Work request - Apart from the pictures, every entry must be retyped exactly.

[Crawled caption data]
● ● ●
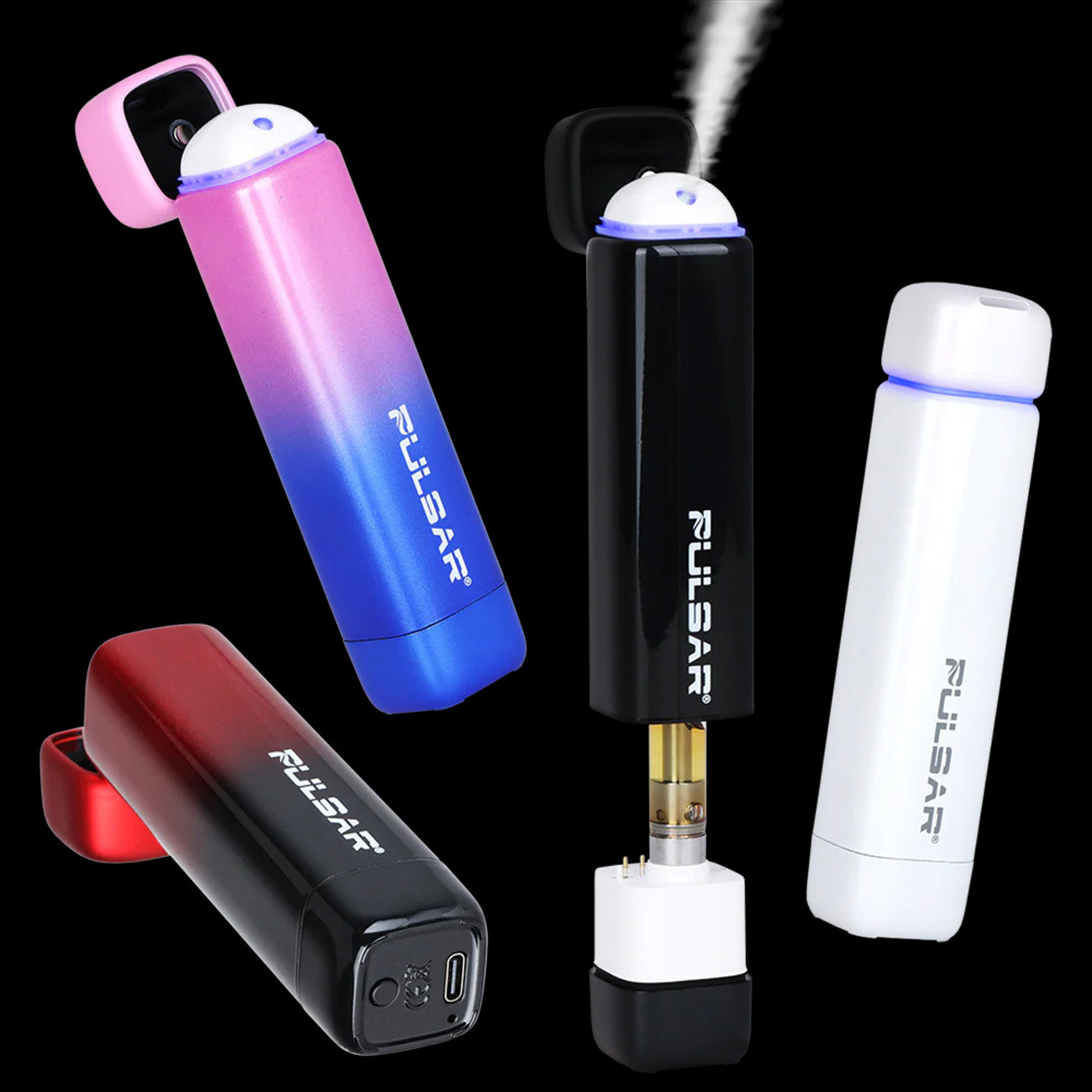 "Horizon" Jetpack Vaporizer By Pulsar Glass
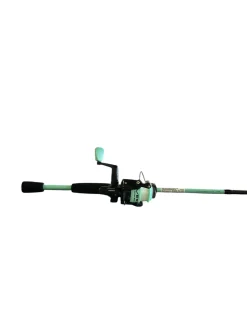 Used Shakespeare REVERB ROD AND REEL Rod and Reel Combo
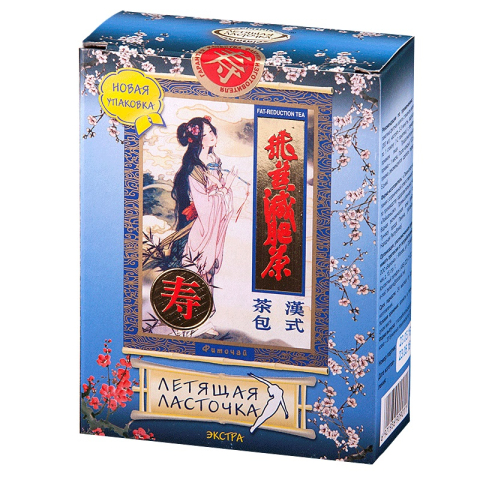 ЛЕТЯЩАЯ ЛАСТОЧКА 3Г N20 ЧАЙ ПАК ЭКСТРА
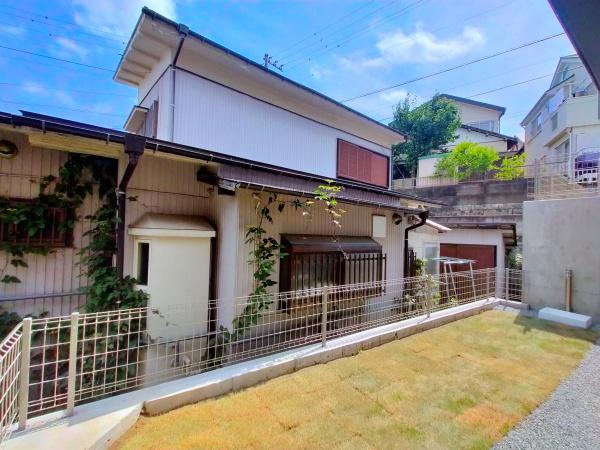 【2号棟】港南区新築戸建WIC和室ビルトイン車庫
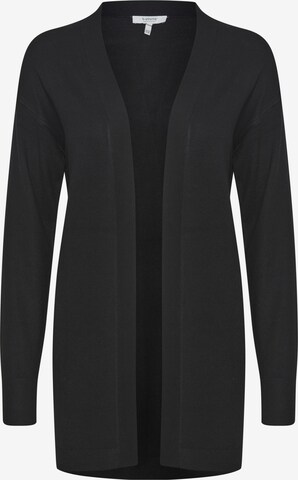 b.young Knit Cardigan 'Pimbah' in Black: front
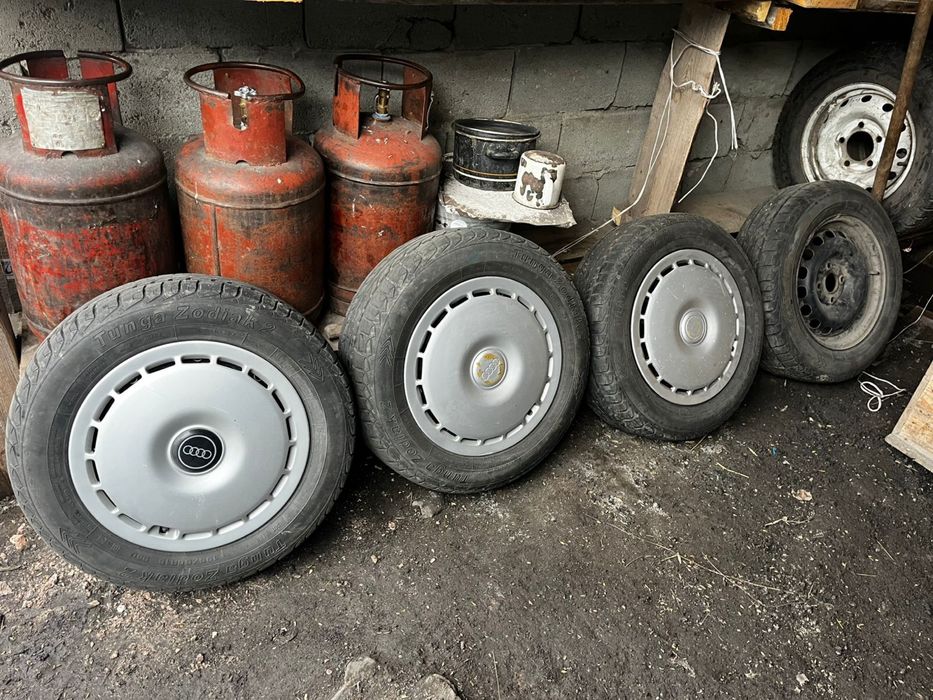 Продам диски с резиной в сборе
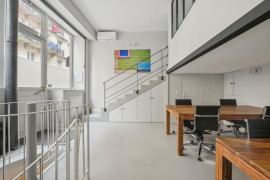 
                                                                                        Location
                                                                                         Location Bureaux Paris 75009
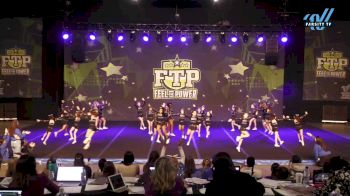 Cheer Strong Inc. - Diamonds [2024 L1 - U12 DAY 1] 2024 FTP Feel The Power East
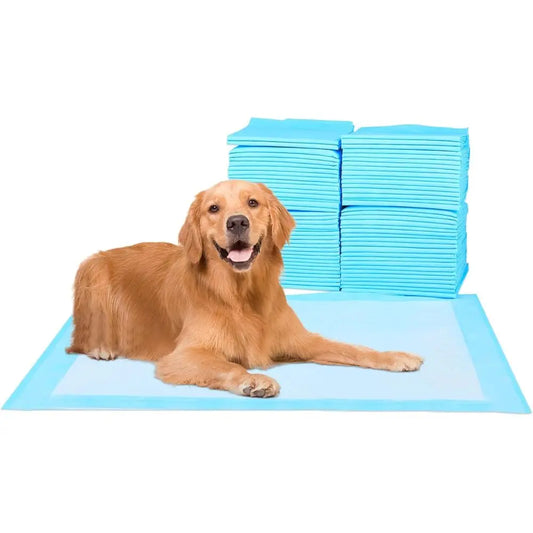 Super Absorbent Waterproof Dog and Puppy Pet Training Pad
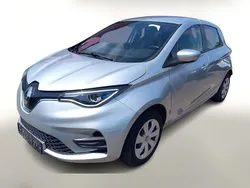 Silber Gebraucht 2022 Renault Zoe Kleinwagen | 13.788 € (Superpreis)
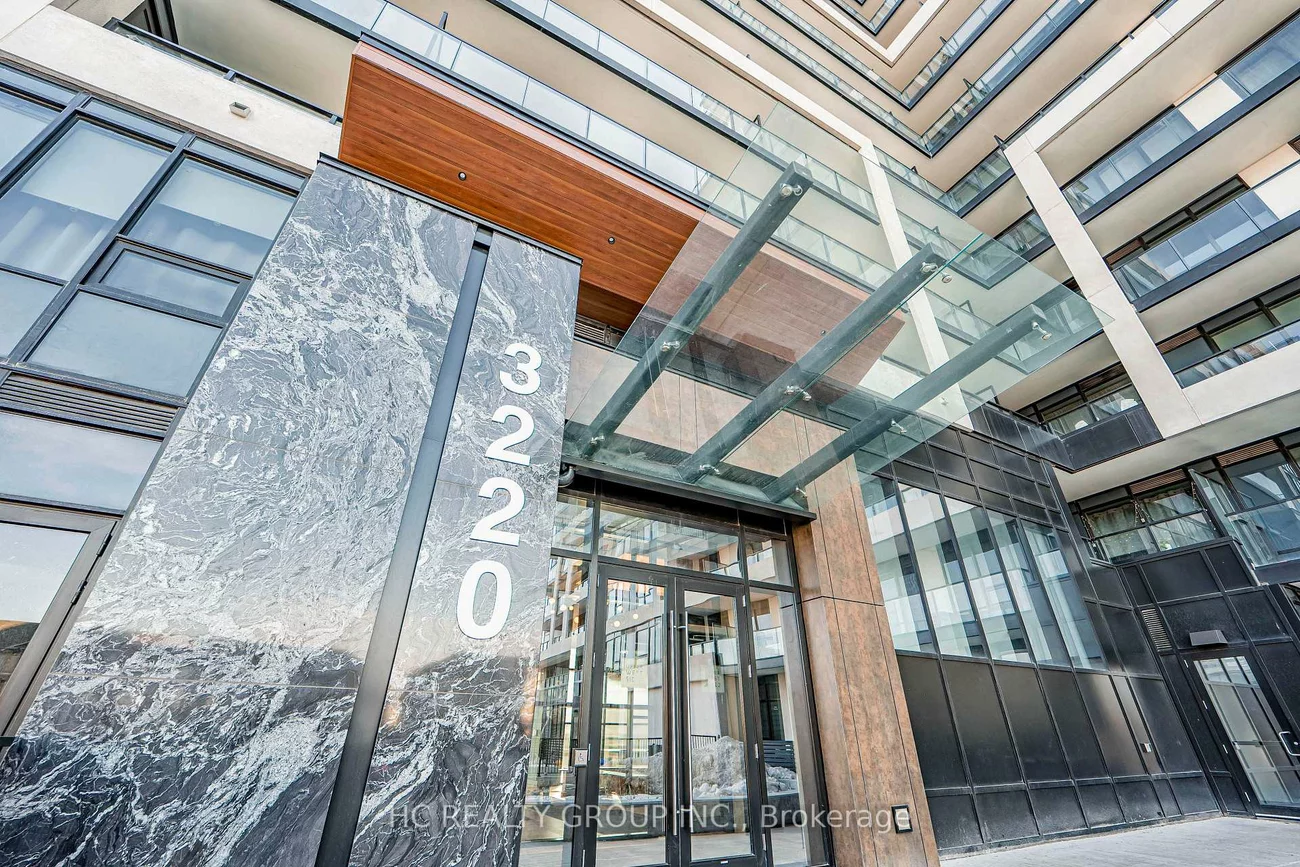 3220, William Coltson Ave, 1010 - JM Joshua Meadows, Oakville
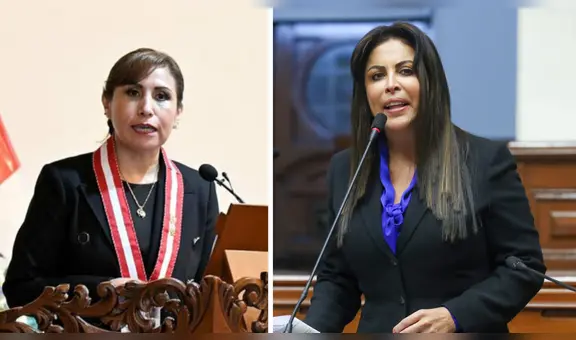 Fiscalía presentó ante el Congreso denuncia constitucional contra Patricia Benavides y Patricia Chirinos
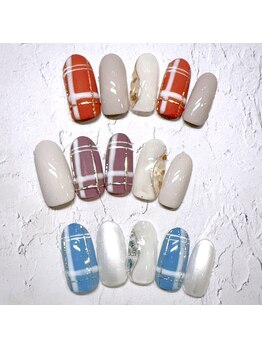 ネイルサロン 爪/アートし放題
● ● ●
Solution below -
 "Horizon" Jetpack Vaporizer By Pulsar Glass
 Used Shakespeare REVERB ROD AND REEL Rod and Reel Combo
 ЛЕТЯЩАЯ ЛАСТОЧКА 3Г N20 ЧАЙ ПАК ЭКСТРА
 【2号棟】港南区新築戸建WIC和室ビルトイン車庫
 b.young Knit Cardigan 'Pimbah' in Black: front
 Продам диски с резиной в сборе
                                                                                        Location
                                                                                         Location Bureaux Paris 75009
 Cheer Strong Inc. - Diamonds [2024 L1 - U12 DAY 1] 2024 FTP Feel The Power East
 Super Absorbent Waterproof Dog and Puppy Pet Training Pad
 Silber Gebraucht 2022 Renault Zoe Kleinwagen | 13.788 € (Superpreis)
 3220, William Coltson Ave, 1010 - JM Joshua Meadows, Oakville
 Fiscalía presentó ante el Congreso denuncia constitucional contra Patricia Benavides y Patricia Chirinos
 ネイルサロン 爪/アートし放題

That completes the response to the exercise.